About Remote Differential Compression

Remote Differential Compression (RDC) allows data to be synchronized with a remote source using compression techniques to minimize the amount of data sent across the network.

RDC is different from patching-oriented differencing mechanisms, such as Binary Delta Compression (BDC), that are designed to operate only on known versions of a single file. BDC requires the server to have copies of all versions of the file, and differences between each pair of versions are precomputed so that they can be distributed efficiently from a server to multiple clients.

RDC makes no assumptions about file similarity or versioning. Because differences between files are computed on the fly, RDC is ideally suited for synchronizing files that are different or have been updated independently.

RDC does not assume that the file data to be synchronized resides in physical files. Therefore, the RDC application is responsible for performing file I/O on behalf of the RDC library.

Because it is transport independent, RDC can be used with RPC, HTTP, or other desired transport mechanisms. The RDC application bears the responsibility for choosing the appropriate transport and performing any client or server authentication that is required to support the transport's security model.
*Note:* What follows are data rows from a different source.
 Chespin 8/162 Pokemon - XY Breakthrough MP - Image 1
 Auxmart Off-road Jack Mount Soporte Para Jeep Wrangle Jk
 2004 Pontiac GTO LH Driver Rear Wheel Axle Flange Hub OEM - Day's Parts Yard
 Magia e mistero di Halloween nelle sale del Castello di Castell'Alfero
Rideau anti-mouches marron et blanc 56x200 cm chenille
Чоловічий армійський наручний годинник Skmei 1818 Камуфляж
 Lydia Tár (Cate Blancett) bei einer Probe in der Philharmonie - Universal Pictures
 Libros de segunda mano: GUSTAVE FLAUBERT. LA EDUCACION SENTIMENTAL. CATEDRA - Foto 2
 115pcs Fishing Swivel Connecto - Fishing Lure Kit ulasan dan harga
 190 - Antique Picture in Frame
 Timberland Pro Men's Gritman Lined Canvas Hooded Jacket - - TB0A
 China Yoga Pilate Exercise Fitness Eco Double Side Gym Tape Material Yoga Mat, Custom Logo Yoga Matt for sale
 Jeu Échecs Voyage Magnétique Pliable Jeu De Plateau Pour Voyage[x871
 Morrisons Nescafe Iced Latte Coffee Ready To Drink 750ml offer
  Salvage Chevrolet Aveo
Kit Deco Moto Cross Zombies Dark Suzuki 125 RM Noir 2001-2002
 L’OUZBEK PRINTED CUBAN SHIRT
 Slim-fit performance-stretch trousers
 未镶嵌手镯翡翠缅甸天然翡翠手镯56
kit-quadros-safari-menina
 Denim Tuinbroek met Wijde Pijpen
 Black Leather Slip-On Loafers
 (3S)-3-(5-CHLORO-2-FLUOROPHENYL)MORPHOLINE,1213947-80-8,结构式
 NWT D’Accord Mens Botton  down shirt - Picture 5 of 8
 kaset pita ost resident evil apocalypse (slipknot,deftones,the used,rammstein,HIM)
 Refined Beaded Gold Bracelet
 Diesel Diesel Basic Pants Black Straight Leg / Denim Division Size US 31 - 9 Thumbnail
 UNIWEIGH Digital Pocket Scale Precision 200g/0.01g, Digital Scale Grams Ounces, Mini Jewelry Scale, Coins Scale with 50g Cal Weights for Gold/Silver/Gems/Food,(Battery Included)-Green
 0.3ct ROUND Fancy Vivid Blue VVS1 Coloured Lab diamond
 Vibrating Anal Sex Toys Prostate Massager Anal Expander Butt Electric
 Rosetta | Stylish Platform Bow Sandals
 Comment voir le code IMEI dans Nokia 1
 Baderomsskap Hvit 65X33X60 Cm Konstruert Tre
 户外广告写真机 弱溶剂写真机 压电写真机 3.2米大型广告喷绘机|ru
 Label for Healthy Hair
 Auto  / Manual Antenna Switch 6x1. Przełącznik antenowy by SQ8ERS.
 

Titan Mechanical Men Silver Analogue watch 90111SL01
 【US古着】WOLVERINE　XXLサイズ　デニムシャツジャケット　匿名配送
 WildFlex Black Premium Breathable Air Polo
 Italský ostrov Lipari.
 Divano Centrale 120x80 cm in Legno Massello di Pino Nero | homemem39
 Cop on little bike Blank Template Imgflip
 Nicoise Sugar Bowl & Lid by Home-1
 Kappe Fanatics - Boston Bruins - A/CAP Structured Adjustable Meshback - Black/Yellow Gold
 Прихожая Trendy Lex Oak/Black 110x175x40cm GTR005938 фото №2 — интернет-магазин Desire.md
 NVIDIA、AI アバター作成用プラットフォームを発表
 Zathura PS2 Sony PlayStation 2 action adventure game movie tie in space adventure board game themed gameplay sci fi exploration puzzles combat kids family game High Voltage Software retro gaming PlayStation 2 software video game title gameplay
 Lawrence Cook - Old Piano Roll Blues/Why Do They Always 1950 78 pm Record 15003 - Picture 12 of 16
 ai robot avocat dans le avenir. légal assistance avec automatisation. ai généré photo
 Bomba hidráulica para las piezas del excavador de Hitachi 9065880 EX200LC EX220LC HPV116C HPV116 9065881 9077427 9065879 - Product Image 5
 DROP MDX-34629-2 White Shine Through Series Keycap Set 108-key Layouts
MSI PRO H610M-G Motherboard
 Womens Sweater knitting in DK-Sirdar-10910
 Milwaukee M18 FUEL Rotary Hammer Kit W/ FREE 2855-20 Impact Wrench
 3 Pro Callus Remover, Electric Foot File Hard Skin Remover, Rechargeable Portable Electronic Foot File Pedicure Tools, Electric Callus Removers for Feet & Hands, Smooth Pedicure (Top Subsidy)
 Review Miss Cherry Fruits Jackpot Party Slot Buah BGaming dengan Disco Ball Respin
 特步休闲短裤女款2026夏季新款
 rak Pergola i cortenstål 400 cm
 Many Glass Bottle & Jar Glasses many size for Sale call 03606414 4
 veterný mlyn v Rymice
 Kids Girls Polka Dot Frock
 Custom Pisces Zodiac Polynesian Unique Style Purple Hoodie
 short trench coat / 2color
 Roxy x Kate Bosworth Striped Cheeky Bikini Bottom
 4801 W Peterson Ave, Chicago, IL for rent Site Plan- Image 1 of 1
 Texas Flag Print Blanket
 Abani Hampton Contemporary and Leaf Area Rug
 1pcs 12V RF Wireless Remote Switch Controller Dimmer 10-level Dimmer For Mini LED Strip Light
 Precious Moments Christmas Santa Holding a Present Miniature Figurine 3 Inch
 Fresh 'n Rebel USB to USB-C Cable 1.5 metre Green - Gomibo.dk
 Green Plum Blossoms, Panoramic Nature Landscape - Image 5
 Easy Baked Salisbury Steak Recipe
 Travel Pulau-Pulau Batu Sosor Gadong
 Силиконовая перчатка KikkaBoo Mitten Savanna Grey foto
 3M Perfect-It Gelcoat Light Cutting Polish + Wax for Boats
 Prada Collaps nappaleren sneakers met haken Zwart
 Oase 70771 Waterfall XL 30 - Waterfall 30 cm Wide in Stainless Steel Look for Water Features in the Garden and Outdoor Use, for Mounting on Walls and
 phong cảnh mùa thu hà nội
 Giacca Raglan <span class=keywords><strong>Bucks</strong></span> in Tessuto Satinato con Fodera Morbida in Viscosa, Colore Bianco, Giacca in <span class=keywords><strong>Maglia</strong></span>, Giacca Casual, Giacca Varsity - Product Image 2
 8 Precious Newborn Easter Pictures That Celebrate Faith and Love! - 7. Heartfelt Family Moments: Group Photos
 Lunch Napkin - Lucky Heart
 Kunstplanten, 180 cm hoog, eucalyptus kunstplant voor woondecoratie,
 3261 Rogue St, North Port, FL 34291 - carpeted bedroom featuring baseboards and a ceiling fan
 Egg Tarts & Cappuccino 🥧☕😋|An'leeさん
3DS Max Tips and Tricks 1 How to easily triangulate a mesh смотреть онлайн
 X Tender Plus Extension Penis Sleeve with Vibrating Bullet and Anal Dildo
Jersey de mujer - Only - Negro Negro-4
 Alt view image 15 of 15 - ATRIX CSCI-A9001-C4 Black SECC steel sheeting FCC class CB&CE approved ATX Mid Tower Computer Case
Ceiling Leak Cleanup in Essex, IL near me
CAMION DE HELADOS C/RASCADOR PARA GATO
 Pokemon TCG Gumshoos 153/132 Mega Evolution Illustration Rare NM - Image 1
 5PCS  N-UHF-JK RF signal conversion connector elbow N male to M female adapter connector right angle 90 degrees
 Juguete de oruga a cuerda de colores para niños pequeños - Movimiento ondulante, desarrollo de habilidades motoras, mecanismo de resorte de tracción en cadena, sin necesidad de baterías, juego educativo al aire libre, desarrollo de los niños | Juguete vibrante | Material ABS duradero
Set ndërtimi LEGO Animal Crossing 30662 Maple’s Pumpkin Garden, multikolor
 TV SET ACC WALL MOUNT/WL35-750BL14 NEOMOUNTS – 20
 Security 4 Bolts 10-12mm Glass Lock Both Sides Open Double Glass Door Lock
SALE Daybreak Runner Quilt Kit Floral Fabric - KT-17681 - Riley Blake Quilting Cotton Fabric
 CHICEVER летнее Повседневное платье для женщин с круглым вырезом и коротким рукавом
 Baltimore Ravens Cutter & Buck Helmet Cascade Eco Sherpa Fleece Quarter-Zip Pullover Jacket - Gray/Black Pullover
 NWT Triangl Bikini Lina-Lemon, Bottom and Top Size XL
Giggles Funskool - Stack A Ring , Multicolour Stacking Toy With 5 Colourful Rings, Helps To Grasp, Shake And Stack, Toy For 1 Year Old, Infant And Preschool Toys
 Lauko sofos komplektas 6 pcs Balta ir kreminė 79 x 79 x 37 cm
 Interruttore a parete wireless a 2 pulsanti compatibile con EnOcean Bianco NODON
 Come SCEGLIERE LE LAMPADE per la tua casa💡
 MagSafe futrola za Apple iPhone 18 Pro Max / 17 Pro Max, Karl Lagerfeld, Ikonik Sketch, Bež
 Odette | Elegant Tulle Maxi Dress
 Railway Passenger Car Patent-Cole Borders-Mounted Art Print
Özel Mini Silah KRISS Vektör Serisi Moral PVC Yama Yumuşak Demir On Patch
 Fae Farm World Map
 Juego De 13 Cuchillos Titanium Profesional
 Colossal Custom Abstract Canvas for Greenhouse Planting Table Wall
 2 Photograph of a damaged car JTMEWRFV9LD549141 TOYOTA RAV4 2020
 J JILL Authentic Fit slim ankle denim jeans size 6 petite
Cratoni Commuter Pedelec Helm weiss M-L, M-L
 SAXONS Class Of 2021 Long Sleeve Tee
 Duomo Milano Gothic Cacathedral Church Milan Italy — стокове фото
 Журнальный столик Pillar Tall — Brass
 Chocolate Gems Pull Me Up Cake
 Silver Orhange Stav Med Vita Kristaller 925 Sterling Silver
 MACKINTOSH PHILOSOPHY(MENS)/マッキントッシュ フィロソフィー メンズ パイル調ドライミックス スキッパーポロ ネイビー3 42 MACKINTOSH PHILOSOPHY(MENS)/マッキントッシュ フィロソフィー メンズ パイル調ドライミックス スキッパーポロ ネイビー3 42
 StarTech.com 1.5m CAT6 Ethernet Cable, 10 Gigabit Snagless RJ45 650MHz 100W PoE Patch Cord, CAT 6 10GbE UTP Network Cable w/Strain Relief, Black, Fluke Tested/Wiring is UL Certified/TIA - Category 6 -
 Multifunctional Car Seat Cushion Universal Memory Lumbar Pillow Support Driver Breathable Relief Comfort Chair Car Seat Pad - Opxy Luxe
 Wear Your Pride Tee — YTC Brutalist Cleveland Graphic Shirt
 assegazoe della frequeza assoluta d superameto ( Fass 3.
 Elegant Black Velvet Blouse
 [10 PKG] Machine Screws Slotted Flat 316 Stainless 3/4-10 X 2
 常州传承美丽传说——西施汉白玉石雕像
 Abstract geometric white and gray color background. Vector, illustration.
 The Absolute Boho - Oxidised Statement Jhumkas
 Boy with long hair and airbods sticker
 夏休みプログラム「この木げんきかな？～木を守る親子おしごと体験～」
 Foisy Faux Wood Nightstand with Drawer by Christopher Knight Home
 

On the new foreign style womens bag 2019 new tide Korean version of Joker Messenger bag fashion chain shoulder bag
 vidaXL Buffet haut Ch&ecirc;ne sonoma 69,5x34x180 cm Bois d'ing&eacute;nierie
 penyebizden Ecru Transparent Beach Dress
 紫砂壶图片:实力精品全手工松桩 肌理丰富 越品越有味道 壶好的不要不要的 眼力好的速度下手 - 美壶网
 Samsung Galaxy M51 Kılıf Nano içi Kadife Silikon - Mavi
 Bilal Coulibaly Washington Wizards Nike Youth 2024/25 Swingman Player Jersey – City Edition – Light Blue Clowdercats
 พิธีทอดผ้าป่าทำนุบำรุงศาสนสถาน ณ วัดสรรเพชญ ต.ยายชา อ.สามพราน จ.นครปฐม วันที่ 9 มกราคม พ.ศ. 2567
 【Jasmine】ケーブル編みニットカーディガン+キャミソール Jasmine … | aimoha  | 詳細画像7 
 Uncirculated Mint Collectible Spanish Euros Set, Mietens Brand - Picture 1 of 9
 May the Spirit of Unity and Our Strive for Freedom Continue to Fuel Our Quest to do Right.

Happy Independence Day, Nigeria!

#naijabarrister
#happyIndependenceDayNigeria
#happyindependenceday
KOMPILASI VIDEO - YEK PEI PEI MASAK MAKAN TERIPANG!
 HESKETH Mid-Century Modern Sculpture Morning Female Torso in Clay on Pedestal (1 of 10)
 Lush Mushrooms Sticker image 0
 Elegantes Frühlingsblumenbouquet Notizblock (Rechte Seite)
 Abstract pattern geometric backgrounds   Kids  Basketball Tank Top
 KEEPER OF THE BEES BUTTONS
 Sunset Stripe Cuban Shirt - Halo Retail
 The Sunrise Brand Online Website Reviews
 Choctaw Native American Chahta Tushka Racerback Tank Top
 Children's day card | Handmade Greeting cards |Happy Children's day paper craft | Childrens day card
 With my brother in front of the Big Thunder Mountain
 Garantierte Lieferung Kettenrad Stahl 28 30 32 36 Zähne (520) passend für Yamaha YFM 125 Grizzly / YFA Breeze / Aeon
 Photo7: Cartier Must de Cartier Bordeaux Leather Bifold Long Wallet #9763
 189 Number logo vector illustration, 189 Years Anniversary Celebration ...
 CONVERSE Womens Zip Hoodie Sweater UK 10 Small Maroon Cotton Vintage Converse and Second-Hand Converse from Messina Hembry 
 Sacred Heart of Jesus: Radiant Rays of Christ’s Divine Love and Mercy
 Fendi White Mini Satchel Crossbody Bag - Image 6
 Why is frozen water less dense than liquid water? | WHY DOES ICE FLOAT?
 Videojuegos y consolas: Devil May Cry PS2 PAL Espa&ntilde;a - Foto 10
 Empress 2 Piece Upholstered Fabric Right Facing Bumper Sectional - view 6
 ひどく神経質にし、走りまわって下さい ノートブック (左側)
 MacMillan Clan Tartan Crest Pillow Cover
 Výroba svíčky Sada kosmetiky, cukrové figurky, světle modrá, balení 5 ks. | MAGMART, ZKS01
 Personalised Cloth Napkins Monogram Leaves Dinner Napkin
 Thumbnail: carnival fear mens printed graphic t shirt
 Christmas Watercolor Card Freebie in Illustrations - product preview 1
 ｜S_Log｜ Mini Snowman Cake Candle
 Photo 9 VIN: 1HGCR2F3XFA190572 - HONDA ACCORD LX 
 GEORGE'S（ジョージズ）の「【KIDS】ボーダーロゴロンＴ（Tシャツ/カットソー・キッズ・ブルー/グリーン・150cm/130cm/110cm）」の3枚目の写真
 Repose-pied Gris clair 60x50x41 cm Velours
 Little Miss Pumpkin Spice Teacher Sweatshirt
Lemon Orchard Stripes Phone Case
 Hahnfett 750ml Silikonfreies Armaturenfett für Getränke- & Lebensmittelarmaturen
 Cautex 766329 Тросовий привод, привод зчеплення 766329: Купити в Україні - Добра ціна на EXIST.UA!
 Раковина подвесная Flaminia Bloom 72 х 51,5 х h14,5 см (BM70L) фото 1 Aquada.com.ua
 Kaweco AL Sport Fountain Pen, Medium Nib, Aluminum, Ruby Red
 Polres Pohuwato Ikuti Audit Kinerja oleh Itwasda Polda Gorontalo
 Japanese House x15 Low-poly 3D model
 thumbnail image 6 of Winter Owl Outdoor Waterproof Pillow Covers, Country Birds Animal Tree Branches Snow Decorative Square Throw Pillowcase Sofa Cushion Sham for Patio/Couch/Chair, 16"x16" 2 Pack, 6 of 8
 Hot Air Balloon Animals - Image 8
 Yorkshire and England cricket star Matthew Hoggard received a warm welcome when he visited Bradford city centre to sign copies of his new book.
RDC is suitable for applications that move data across a wide area network (WAN) where the data transmission costs outweigh the CPU cost of signature computation. RDC can also be used on faster networks if the amount of data to be transferred is relatively large and the changes to the data are typically small.

Remote Differential Compression Algorithm Overview

RDC divides a file's data into chunks by computing the local maxima of a fingerprinting function that is computed at every byte position in the file. A fingerprinting function is a hash function that can be computed incrementally. For example, if you compute the function F over a range of bytes from the file, Bi...Bj, it should then be possible to compute F(Bi+1...Bj+1) incrementally by adding the byte Bj+1 and subtracting the byte Bi. The range of bytes from the file, Bi...Bj, is called the hash window. The length of this window, in bytes, is called the hash window size.

The RDC library's FilterMax signature generator "slides" the hash window across the entire file by adding the byte at the leading edge and subtracting the byte at the trailing edge of the window. Meanwhile, the generator continually examines the sequence of fingerprint function values over a given range of bytes, called the horizon size. If a fingerprint function value is a local maximum within the range, its byte position is chosen as a "cut point," or chunk boundary.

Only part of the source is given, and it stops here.